Reputation: 41
I wrote a linux kernel module and a user space application. They had been communicating very well via netlink. But I got errno 111 (connection refused) when I was trying to run the user space application on an emulated node in CORE (Common Open Research Emulator). Could you help me find the cause (according to CORE, an emulated node is a virtual machine, which uses the same kernel as the local host)?
Thanks a lot!
Upvotes: 2
Views: 359
Reputation: 41
The reason why I got "connection refused" error is because the user-land and kernel-land processes were not residing in the same network space. The kernel-land process was listening in the "root" space, while the user-land process was sending in another space.
CORE uses Linux virtualization. It creates separate process and network spaces for each emulated node. If an application is running on a CORE node, its user-land process has its own process-ID space and network stack space. The messages sent by the application were confined within the CORE node's own spaces.
To enable kernel-land and user-land communication when CORE is used, we should let the application switch to the kernel's network space first, and then create a netlink socket and send messages over the socket.

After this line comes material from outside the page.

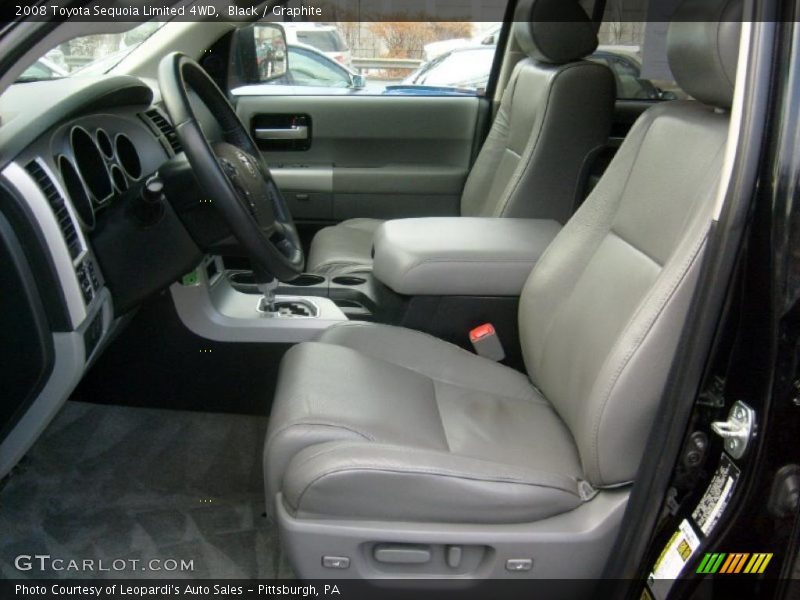 Black / Graphite 2008 Toyota Sequoia Limited 4WD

To switch to the kernel's network space, we need first mount /proc
to /proc_root
. And then, in the application, add {fd = open("/proc_root/1/ns/net", O_RDONLY); setns(fd, 0);}
before sending messages to the kernel-land process using Netlink.
Upvotes: 1
Reputation: 306
My guess is that it happened because of lack of linux capabilities (CAP_NET_ADMIN). Did you check capabilities of your user space process and your VM process?